The first and second facility (of which, is under construction now) are in Kamenz, Germany.

“Deutsche Accumotive GmbH & Co. KG., a wholly owned subsidiary of Daimler AG founded in 2009, is the nucleus for the development and production of highly complex batteries for hybrid and electric vehicles of the Mercedes-Benz and smart brands as well as for commercial vehicles. Accumotive is based in Nabern in the Stuttgart metropolitan area, where its research and development facilities are also located. Production is in Kamenz. The company employs a total workforce of more than 500 people. Accumotive cooperates closely with affiliate Mercedes-Benz Energy GmbH, responsible in Kamenz for the development and worldwide sales of Mercedes-Benz energy storage units for private and industrial applications.

Daimler is currently investing some 500 million euros in the construction of a second battery factory in Kamenz, significantly increasing the production capacities as a result.
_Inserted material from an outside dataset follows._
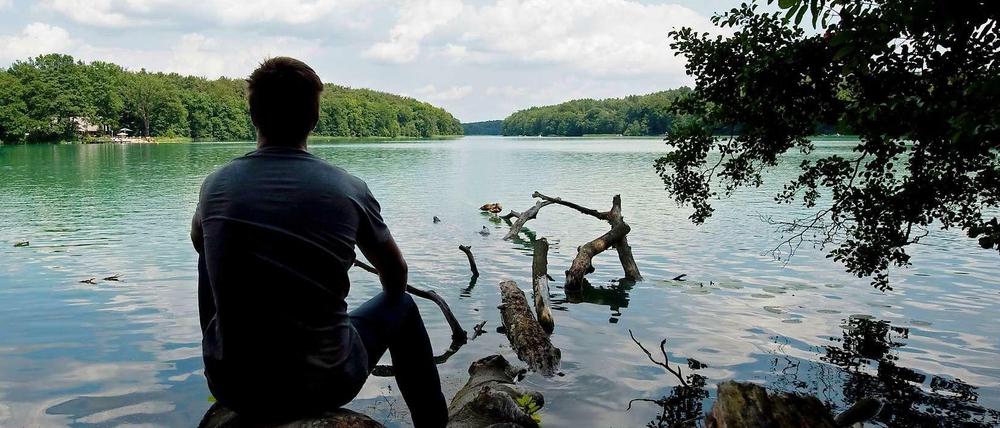 Ein Mann sitzt nahe dem brandenburgischen Wandlitz am Ufer des Liepnitzsees auf einem Baumstamm. Noch ist am Horizont kein Windrad zu sehen.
The new battery factory in Kamenz, just under 50 kilometres from Dresden, is slated to go into operation already in 2018. Covering an area of around 20 hectares, the site is right next to the existing battery factory. The new plant will quadruple the production and logistics space in Kamenz to a total of around 80,000 m2. By the end of the decade, Accumotive will have over 1,000 employees in Nabern and Kamenz, more than double the current number.

The second battery factory is designed as a CO2-neutral factory: Daimler’s approach to electric mobility is an integrated one, attaching key importance to sustainability already at the production stage. The production facilities will be supplied with energy from a combined heat and power plant and a photovoltaic plant in combination with stationary battery storage units. With state-of-the-art equipment and technologies, the new battery factory will also set standards with regard to Industry 4.0.”

Mercedes-Benz Concept EQA

A third plant in Germany is to be built in Stuttgart-Untertürkheim.
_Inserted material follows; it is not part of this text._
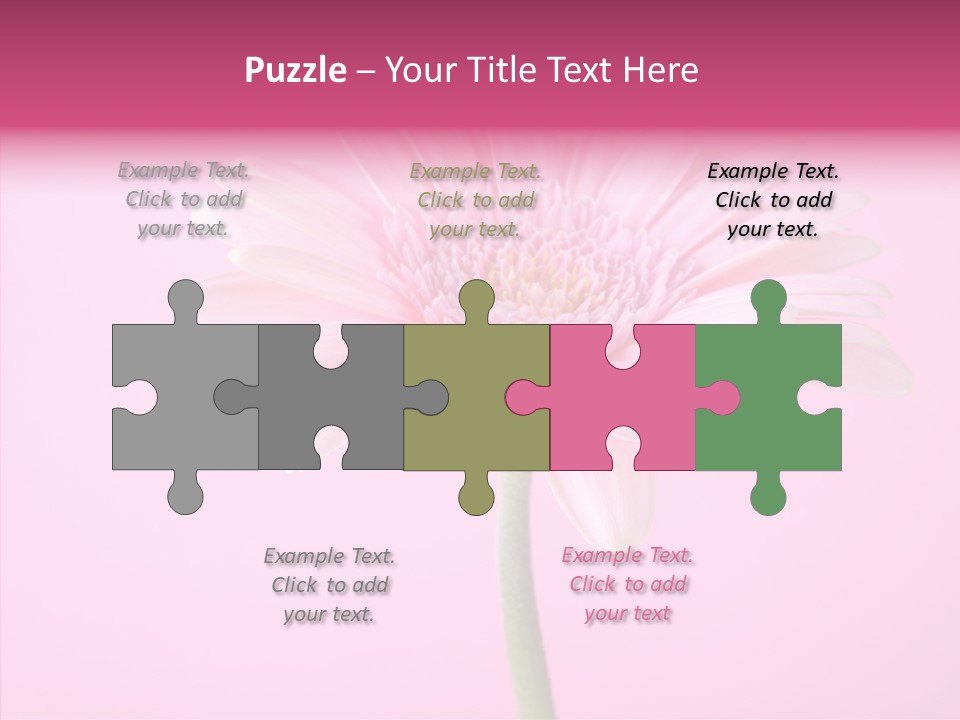 Isolated Circle Bloom PowerPoint Template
“An additional battery production site will be the Mercedes-Benz Untertürkheim Plant. In future, for example the vehicle plant in Sindelfingen will be supplied with batteries from Untertürkheim for electric vehicles of the EQ product and technology brand. The battery production will be located in the Brühl satellite plant.”

Recently Daimler announced $1 billion investment in a manufacturing plant in Tuscaloosa, Alabama.
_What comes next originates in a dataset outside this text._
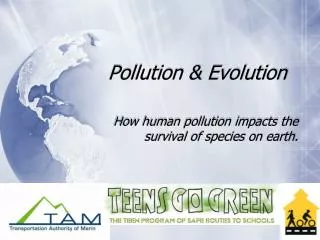 Pollution &amp; Evolution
While, a fifth battery plant, operated with BAIC, will be in Beijing, China.

“In China, Daimler is creating an important prerequisite for the local production of EQ branded electric vehicles with the erection of an additional battery plant. The new factory is a project of Beijing Benz Automotive Co., Ltd. (BBAC), the German-Chinese joint venture between Daimler and BAIC Motor. The partners are investing nine figures (euros) in the battery production facilities.”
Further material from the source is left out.